Lo malo de la supuesta inocencia de los que secundaron la toma del Congreso es que a algunos los vimos disfrutar, otros robaron en el bar del Congreso y era evidente que no todos fueron arrastrados a humillar a los representantes de la soberanía nacional. También es verdad que, en un estado de temor inducido, algunos podían haber perpetrado fechorías que, de no estar sus oficiales, jamás hubieran hecho. La casuística era infinita y el hecho limitadísimo, así que la salida para celebrar el juicio, el verdadero gran reto del gobierno de Calvo-Sotelo, fue esgrimir el atenuante de la obediencia debida. La responsabilidad del delito sería de los que mandaron, no de los que obedecieron.

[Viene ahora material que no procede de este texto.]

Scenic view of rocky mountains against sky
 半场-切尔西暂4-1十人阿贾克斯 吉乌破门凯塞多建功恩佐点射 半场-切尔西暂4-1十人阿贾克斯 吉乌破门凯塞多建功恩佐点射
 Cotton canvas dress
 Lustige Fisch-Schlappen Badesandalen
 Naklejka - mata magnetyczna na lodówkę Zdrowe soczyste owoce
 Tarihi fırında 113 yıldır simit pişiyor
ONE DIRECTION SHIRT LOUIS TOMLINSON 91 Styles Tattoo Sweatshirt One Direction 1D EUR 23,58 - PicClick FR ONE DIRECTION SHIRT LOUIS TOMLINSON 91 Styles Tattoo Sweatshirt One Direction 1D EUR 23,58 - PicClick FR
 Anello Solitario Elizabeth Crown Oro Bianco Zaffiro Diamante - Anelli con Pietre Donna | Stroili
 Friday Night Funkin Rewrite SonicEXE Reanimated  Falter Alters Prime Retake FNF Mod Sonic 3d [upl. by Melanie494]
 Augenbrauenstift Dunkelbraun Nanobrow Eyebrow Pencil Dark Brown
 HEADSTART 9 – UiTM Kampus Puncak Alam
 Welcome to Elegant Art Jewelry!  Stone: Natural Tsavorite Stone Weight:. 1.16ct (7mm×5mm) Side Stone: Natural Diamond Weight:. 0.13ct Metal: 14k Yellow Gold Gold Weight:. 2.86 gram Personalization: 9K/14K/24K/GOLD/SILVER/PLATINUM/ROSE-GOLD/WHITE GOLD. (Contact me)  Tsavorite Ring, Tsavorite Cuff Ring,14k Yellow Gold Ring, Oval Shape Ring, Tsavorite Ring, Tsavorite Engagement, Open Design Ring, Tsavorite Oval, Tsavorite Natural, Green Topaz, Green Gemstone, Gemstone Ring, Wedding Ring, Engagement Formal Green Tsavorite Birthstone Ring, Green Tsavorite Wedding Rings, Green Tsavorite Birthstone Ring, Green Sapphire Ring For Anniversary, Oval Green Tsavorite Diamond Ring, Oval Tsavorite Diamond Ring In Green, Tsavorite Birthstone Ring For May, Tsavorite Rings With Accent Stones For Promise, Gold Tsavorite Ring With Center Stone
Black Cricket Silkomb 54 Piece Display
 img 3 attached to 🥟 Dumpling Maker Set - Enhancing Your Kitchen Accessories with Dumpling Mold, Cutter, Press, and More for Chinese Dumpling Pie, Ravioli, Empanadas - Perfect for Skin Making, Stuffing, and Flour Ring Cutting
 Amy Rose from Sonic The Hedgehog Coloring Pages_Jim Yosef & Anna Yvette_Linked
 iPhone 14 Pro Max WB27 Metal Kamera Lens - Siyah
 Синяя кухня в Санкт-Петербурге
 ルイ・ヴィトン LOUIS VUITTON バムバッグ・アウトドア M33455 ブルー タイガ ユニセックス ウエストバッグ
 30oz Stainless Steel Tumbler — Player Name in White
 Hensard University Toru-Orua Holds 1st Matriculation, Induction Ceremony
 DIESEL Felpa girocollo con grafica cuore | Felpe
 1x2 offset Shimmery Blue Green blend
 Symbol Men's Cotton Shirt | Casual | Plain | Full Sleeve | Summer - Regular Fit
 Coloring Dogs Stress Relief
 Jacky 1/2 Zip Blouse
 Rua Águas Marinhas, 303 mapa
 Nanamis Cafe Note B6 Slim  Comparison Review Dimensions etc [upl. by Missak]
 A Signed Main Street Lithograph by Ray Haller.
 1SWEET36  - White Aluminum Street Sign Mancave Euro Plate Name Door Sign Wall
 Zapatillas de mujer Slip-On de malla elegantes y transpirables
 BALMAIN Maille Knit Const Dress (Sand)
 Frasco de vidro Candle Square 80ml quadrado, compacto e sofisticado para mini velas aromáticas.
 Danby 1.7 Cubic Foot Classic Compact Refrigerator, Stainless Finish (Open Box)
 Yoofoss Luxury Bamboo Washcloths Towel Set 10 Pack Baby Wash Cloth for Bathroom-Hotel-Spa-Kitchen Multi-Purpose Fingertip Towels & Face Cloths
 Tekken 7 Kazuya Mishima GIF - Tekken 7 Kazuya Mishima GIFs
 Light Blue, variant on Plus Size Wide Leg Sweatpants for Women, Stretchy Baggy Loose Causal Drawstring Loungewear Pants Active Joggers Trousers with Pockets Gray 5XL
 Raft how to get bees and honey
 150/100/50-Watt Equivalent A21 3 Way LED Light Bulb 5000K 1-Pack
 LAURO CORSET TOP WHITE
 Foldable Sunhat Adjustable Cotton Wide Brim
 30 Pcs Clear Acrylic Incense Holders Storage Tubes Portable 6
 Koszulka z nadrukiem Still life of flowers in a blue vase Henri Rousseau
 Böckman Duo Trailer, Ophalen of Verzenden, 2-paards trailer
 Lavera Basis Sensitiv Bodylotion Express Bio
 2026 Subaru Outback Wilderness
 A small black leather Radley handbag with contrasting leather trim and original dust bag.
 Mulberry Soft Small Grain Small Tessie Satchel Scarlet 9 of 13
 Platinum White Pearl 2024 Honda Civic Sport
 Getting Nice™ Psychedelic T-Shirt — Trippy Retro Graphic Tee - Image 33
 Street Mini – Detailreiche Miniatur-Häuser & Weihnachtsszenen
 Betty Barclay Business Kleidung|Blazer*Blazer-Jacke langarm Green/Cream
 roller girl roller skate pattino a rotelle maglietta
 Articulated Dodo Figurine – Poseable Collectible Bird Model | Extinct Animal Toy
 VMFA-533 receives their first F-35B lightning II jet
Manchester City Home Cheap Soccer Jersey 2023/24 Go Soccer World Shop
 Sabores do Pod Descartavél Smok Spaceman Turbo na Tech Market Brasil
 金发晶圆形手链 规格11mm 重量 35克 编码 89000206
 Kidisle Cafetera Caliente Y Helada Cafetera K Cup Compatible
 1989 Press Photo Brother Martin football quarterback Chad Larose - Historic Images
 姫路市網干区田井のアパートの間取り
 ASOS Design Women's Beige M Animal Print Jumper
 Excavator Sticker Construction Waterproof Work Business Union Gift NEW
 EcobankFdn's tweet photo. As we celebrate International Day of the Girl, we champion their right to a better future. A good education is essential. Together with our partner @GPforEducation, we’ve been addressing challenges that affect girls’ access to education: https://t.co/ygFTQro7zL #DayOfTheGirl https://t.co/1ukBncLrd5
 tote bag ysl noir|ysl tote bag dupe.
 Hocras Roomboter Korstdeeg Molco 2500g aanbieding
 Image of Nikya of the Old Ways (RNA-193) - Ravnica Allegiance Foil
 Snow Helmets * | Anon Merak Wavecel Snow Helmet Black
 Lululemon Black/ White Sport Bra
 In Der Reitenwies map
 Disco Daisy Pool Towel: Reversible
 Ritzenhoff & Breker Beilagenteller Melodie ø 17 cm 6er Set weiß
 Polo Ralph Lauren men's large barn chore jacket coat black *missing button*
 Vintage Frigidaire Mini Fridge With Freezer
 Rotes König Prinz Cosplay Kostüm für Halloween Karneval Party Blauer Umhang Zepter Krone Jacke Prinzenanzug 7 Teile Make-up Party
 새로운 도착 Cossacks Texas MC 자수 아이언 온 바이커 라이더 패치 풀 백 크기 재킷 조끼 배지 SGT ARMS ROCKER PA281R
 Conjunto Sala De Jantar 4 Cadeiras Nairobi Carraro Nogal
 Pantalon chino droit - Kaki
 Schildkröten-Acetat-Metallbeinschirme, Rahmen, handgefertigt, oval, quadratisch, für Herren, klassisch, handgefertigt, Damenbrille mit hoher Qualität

Discutible, pero claro. Lo oscuro es que Guevara y compañía hayan alumbrado la teoría exculpatoria de la desobediencia indebida: Pamies y Ballesteros actuarían por su cuenta avisando a la ETA porque ayudaban al proceso de paz del Gobierno autorizado por las Cortes. Pero si el Gobierno no ordenó el chivatazo, desobedecieron a sus superiores y delinquieron por su cuenta. O sea, 30 años de cárcel y expulsión del cuerpo con deshonor. Lo asombroso es que la sentencia diga que no obedecían órdenes, pero que no colaboraron con la ETA porque podían haberlas recibido. Esto es la justicia española: una legalidad ilegal al servicio de la casta política que se rige por un novísimo principio, el de la obediencia indebida.